[The records Boundary: Start]

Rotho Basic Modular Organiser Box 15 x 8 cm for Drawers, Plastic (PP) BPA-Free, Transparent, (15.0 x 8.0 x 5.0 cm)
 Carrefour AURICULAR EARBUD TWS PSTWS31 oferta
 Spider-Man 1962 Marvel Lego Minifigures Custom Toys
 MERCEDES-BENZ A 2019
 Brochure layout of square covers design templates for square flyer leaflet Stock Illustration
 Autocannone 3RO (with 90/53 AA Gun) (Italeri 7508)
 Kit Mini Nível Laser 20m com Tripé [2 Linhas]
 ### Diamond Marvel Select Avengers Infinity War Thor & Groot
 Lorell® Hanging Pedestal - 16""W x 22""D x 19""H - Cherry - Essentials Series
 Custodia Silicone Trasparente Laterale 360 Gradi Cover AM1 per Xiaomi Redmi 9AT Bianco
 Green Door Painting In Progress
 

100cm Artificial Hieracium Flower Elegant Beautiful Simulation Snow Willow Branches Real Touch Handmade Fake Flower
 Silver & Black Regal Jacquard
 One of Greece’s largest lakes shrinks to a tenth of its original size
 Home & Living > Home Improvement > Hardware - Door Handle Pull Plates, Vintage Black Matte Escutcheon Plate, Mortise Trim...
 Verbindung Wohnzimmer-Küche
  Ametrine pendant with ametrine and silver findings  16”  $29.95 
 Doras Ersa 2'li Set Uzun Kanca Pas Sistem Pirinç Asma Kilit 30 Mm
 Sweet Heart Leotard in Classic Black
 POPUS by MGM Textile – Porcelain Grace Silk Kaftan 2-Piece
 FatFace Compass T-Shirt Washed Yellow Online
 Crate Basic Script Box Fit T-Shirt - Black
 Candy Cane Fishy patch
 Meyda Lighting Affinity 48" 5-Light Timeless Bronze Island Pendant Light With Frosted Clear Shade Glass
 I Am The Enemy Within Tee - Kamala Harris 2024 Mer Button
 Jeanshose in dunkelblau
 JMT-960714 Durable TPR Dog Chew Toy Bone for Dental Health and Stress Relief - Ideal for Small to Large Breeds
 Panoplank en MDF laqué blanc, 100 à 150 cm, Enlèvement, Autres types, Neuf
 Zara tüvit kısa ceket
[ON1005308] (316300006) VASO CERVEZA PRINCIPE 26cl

[The records Boundary: End]

_Problem to solve_: For the word "Basic", go through the records and show each line that carries it.

_Output of the exercise_:
Rotho Basic Modular Organiser Box 15 x 8 cm for Drawers, Plastic (PP) BPA-Free, Transparent, (15.0 x 8.0 x 5.0 cm)
 Crate Basic Script Box Fit T-Shirt - Black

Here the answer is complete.